Entre janeiro e agosto de 2026, a capital amazonense registrou 4.748 casos da doença, com forte concentração de infecções em comunidades da zona Leste, no bairro Tarumã (zona Oeste) e em ramais situados ao longo da rodovia BR-174.
Os órgãos de vigilância epidemiológica explicam que locais próximos a rios, igarapés e tanques de piscicultura favorecem os criadouros do mosquito Anopheles, vetor de transmissão do protozoário Plasmodium. A principal recomendação é evitar a exposição desnecessária nos horários de maior atividade do inseto, ao amanhecer e ao entardecer.
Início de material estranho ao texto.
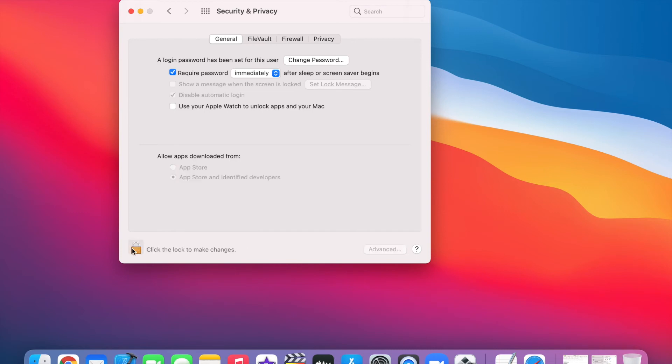Basically what Disable Automatic Login does is, if your laptop is shut down and you turn it on, you don't need to enter your password and it will automatically log you in. This can pose security risks, so that's why I encourage everyone to disable this.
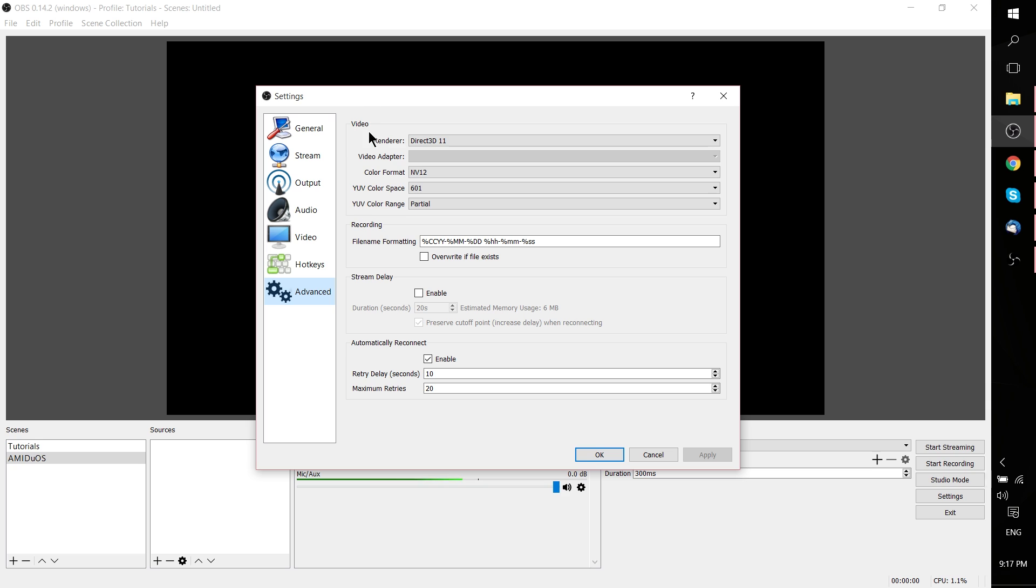If you look down past Video and past Recording, you'll see an option for Stream Delay, and we can enable that. Set the duration, which is the number of seconds that you want as the delay between when your video goes live to a site like Twitch.tv or YouTube and when those users actually see the video footage.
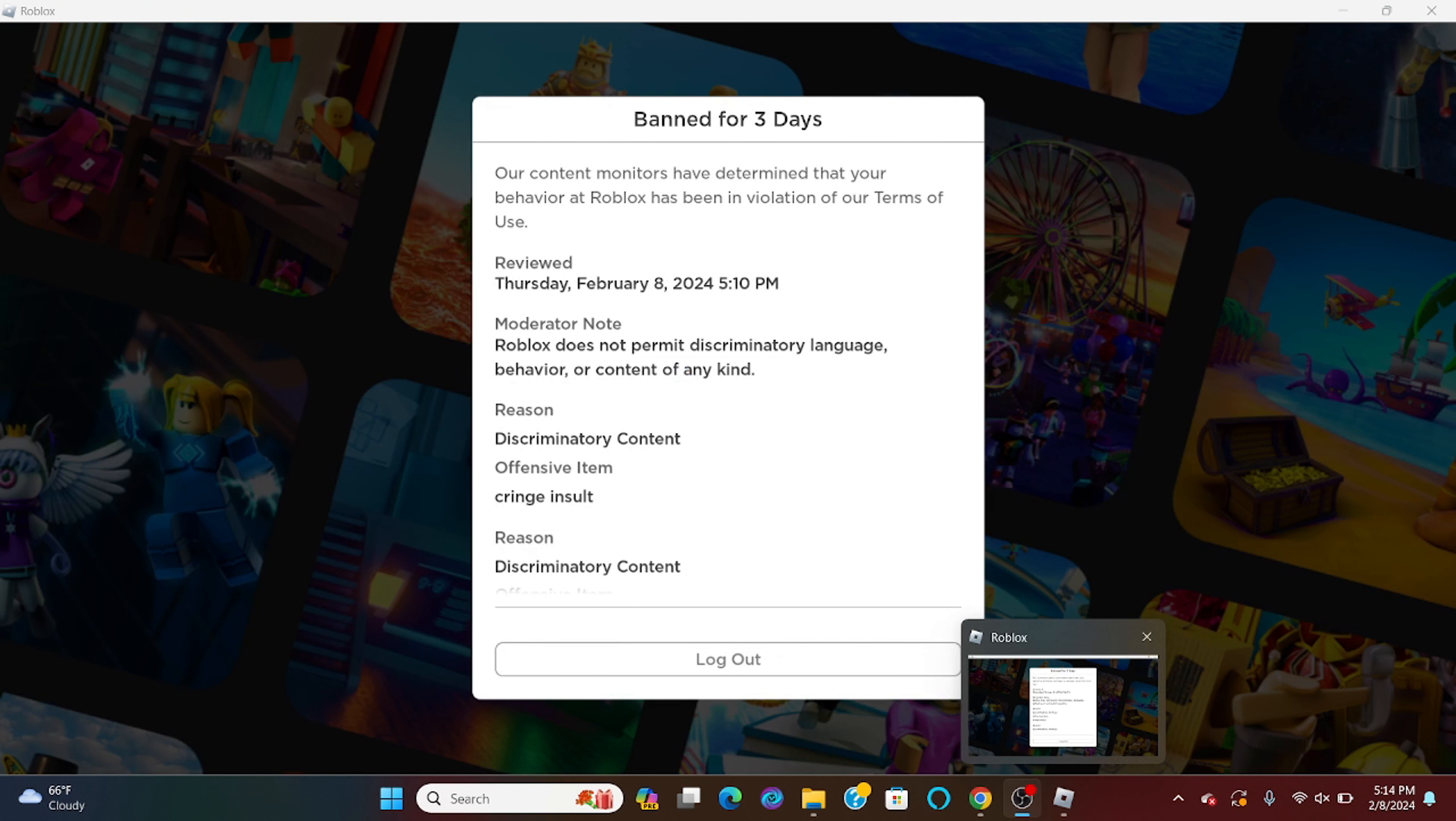Like bro, who actually reports? He was getting mad because I was wiping him in Strongest Battlegrounds, and then he bans me because I called him cringe. He said 'did I ask' and now I'm banned, bro.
O uso de repelentes, roupas compridas, telas em portas e janelas e mosquiteiros em áreas periurbanas e rurais também é fundamental.
A malária é uma doença infecciosa febril aguda cujos sintomas surgem entre sete e 15 dias após a picada, englobando febre alta, calafrios, dores no corpo e dores de cabeça. As autoridades alertam que a infecção tem cura, mas pode evoluir para quadros graves ou fatais se não for tratada a tempo. Pessoas que frequentaram áreas de risco e apresentarem febre devem procurar atendimento imediatamente.
A rede municipal disponibiliza 58 pontos de diagnóstico rápido em Manaus, sendo 41 na zona urbana e 17 na zona rural, onde foram realizados mais de 60 mil testes apenas em 2026. A detecção ágil e o início imediato do tratamento são estratégicos para interromper a cadeia de transmissão nas comunidades.